Each of the Funds generally invests in instruments whose value is derived from the value of an underlying asset, rate or index (collectively, “Financial Instruments”), including futures contracts, swap agreements, forward contracts and other instruments as a substitute for investing directly in commodities, currencies, or spot volatility products in order to gain exposure to its applicable underlying commodity futures index, commodity, currency exchange rate or equity volatility index. Financial Instruments also are used to produce economically “inverse,” “inverse leveraged” or “leveraged” investment results for the Geared Funds.

The “Short” Fund seeks daily investment results, before fees and expenses, that correspond to one-half the inverse (-0.5x) of the daily performance of its corresponding benchmark. Each “UltraShort” Fund seeks daily investment results, before fees and expenses, that correspond to two times the inverse (-2x) of the daily performance of its corresponding benchmark. Each “Ultra” Fund seeks daily investment results, before fees and expenses, that correspond to either one and one-half times (1.5x) or two times (2x) the daily performance of its corresponding benchmark. Each Matching VIX Fund seeks investment results, before fees and expenses, both for a single day and over time, that match (1x) the performance of its corresponding benchmark. Daily performance is measured from the calculation of each Fund’s net asset value (“NAV”) to the Fund’s next NAV calculation.
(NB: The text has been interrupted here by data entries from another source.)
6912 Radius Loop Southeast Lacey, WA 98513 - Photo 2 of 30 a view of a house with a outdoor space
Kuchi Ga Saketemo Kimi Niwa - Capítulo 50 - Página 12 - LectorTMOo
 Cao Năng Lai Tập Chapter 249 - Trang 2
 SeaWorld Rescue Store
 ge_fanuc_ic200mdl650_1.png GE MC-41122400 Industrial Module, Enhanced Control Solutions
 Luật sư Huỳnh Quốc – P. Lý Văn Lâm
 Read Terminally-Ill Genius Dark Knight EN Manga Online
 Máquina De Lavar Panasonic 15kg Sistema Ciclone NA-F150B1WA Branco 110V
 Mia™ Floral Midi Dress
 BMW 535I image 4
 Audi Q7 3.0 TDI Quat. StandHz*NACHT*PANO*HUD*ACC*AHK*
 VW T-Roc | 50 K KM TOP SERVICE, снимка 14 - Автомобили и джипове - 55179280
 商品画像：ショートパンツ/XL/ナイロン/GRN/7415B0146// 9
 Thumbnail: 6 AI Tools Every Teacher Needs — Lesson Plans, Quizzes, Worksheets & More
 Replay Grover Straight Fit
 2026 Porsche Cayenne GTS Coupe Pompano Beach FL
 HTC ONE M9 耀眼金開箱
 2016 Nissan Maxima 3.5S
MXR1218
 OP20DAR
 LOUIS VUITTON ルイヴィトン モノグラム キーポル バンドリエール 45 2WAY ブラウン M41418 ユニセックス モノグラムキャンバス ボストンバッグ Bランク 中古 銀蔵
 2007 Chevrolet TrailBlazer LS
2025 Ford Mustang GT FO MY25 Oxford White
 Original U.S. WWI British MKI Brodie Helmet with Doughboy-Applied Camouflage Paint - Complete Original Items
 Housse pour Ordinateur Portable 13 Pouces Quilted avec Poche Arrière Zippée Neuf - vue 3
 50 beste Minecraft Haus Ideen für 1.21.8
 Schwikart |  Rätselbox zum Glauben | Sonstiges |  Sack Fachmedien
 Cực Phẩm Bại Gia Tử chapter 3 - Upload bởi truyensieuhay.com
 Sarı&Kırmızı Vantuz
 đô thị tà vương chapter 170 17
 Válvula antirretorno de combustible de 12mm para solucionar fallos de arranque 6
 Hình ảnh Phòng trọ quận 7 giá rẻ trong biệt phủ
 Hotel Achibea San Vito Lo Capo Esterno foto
Each Geared Fund seeks investment results for a single day only, not for any other period. This is different from most exchange-traded funds and means that the return of such Fund for a period longer than a single trading day will be the result of each day’s returns compounded over the period, which will very likely differ in amount and possibly even direction from -0.5x, -2x, 1.5x, or 2x, of the return of the benchmark to which such Fund is benchmarked for that period. Volatility of the benchmark may be at least as important to a Geared Fund’s return for the period as the return of the benchmark. Geared Funds that use leverage, are riskier than similarly benchmarked exchange-traded funds that do not use leverage. Accordingly, these Funds may not be suitable for all investors and should be used only by knowledgeable investors who understand the potential consequences of seeking daily leveraged, inverse or inverse leveraged investment results. Shareholders who invest in the Geared Funds should actively manage and monitor their investments, as frequently as daily.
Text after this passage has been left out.